Paint a picture with your words. Start by setting the stage with the challenge. Has something happened to the business, its people, its customers or its industry that your idea solves? Did your company just lose a major customer? If so, thread this into your story. That’ll wake them up. Next, present the hero – that’s your big idea. Illustrate how it will overcome the challenge and have a positive impact on the business. And finish with supporting concepts, stories or statements that will drive your idea home.

4. Recognize that emotion trumps all

Back in 1774, Frederick the Great of Prussia believed that the potato – a low cost and easy to grow vegetable – was the key to feeding his struggling nation during a time of famine. Although a very rational idea, the community didn’t agree.

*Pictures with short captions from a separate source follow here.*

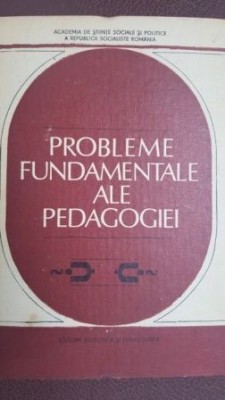 Probleme fundamentale ale pedagogiei foto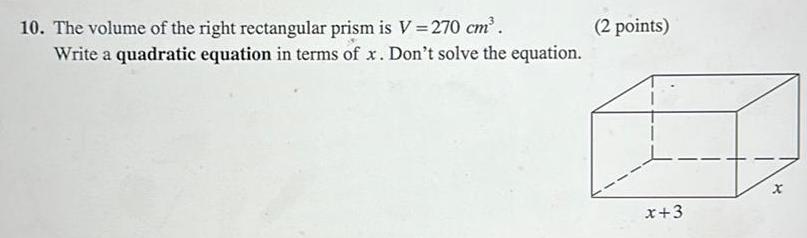 10 The volume of the right rectangular prism is V 270 cm Write a quadratic equation in terms of x Don t solve the equation 2 points x 3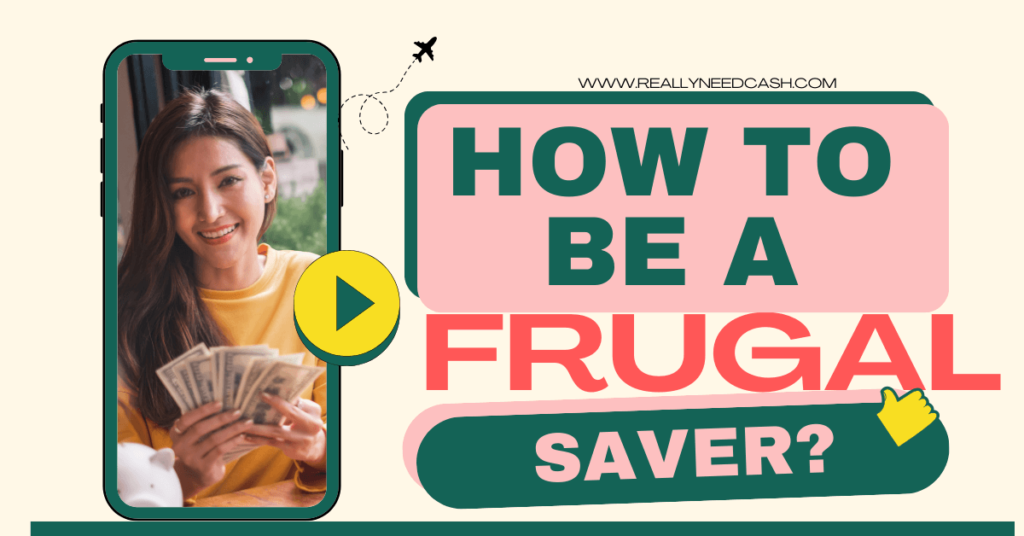 How to be a Frugal Money Saver: 40 Tips To Spend Less and save money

They felt the potato wasn’t good enough to feed to the dogs. Knowing he was fighting a losing battle, Frederick switched gears and appealed to their emotions. He planted a royal field of potato plants and hired a guard to protect the field. It worked. Peasants felt that if it was worth guarding, it was worth stealing. So, they snuck into the fields to snap up the potatoes and soon planted them in their own gardens.
Although we like to think we’re rational creatures, we’re actually anything but. It’s important to understand that the greater the perceived risk, the more emotional the decision becomes. If you can anticipate your audience’s greatest fears or biggest dreams, you’ll have a much better success rate.

5. Have a pink spoon in your back pocket

When you go to Baskin Robbins they let you try the flavours before you buy. This takes the risk out of your purchase decision. If, after all of your preparation, they’re still not willing to sign on the dotted line, you may need a scaled-back ‘try before you buy’ option, to make buying in less risky.
At the end of the day, your success is in your hands. Don’t let a great idea go to waste.